Ve çoğu zaman sorular son derece kişiseldir. Genellikle sunumumun sonunda benimle konuşmak için bekleyen küçük bir öğrenci grubu vardır. Kendi kuşaklarının duyarlık özelliğiyle, benimle konuşan kişinin duyulmaması için birbirlerine mesafe koyuyorlar.


Bu küçük mahremiyet kozasında, “Hakkında yazdığın o kızlar da böyle hissetmiş olmalı” dedikten sonra kollarımda ağlayan genç bir kadın gördüm. duyulmuş. Ama benim başıma geldiğinde kimse dinlemedi!” Irkçı yorumlardan şiddetli zorbalığa kadar her şeyin hedefi olan gençlerin hikayelerini duydum. İfade özgürlüğü ve mağdurların duygusal sağlığında öfkenin oynadığı rol hakkında sorular sordum.

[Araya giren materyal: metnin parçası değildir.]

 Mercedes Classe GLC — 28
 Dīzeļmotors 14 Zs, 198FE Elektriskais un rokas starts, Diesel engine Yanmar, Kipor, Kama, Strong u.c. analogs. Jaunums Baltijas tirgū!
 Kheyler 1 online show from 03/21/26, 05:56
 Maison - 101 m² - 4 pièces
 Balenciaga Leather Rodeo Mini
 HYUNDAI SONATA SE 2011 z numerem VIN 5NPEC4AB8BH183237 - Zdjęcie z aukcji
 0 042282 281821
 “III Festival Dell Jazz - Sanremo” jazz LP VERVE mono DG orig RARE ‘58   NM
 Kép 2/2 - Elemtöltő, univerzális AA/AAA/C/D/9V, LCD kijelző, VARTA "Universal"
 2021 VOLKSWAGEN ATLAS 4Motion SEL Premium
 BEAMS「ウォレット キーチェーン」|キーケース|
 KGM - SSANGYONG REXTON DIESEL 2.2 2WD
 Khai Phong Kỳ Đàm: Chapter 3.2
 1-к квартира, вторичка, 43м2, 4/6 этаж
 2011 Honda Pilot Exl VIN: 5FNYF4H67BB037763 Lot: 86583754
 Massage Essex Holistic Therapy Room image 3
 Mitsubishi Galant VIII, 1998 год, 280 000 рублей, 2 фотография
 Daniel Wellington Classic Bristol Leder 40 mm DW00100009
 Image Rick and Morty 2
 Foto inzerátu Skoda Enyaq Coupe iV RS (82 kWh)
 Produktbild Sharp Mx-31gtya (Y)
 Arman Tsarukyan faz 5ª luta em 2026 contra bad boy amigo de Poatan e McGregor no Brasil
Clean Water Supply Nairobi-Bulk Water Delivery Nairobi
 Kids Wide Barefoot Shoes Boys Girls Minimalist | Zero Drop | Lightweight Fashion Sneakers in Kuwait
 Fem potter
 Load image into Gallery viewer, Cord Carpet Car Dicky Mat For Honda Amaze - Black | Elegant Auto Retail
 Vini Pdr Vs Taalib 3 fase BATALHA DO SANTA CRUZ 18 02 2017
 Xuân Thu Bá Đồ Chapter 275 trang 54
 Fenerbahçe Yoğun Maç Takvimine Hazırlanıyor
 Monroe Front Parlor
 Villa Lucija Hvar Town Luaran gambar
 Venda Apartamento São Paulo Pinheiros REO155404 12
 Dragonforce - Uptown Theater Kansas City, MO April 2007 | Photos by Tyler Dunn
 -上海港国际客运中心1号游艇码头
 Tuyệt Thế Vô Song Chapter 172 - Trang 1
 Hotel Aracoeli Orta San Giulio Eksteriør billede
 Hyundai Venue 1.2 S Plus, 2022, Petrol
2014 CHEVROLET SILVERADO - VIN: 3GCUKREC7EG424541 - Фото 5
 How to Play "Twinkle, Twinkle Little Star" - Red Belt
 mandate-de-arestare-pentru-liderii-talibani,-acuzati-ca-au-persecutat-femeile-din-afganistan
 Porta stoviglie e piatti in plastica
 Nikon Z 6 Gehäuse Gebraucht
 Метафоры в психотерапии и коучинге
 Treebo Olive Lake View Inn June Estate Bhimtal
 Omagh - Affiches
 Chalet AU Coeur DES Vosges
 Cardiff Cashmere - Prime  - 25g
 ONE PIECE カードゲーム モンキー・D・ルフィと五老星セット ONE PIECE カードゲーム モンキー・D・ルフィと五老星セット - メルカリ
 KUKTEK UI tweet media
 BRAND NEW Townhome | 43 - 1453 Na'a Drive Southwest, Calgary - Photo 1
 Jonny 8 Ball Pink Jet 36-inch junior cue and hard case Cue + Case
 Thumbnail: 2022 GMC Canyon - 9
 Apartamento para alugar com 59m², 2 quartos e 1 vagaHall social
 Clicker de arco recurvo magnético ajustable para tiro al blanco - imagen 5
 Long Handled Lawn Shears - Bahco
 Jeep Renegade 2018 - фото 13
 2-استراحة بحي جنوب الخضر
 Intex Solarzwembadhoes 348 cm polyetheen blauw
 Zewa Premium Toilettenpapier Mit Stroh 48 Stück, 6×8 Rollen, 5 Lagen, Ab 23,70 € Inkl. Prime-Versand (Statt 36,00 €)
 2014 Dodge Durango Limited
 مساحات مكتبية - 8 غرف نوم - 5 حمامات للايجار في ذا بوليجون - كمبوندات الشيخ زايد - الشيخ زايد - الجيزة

Framingham, Massachusetts'ten sekizinci sınıf öğrencisi Jeena Ann Kidambi, Times'ın makalesinde hedef alındığı belirtilen Ana ve A. kızları hakkındaki makalesinde “Irkçılıkla ilgili deneyimlerim hakkında yazmak istemedim” diye yazdı. Irkçılık tarafından ırkçı Instagram hesabı vardı. A. gibi o da şunları yazdı: “Bu anılar üzerinde durmak istemedim. Ancak bu makaleyi yazarak ve konuyla ilgili duygularımı kabul ederek bir sonuca ulaşabildim ve kendimi öfkenin boğuculuğundan kurtarabildim.” (Bu makale, Swiacki Çocuk Edebiyatı Festivali'nin sponsorluğunda okul bölgesinde düzenlenen bir yarışmayı kazandı.) Framingham Eyalet Üniversitesi.)

Okullardan birinde bir kız o kadar sessiz konuşuyordu ki onu duyabilmek için ona yaklaşmam gerekti. Tereddütle, gözleri yerde, zarara uğrayan kişi kendileriyle konuşmazsa, insanların sebep oldukları zararı nasıl onarabileceklerini sordu. Bana ne yaptığını söylemedi ama bunun onu rahatsız ettiğini görebiliyordum; hem sebep olduğu acının verdiği suçluluk hem de sonsuza kadar cezalandırılacağı korkusu.

Bu kızı sık sık düşünüyorum ve keşke ona daha iyi bir cevap verebilseydim. Gittiğim her okulda öğrencilere henüz bir çalışma olduğunu, ergenlik döneminde hem acı çekeceklerini hem de zarar vereceklerini, her ikisini de atlatabilecek yeteneklere sahip olduklarını hatırlatıyorum. Ve her seferinde, kendilerinin yaratmadıkları ve kontrol etmedikleri güçlere karşı ne kadar savunmasız olduklarına hayret ediyorum.


Dashka Slater, Kaliforniya'da yaşayan ve gençler ve ceza adaleti üzerine odaklanan bir yazardır. 2015 yılında dergi için yazdığı bir makaleye dayanarak Haberler'ın en çok satanları arasında yer alan The 57 Bus adlı kitabı, 2018 yılında American Library Association'dan Stonewall Kitap Ödülü'nü kazandı.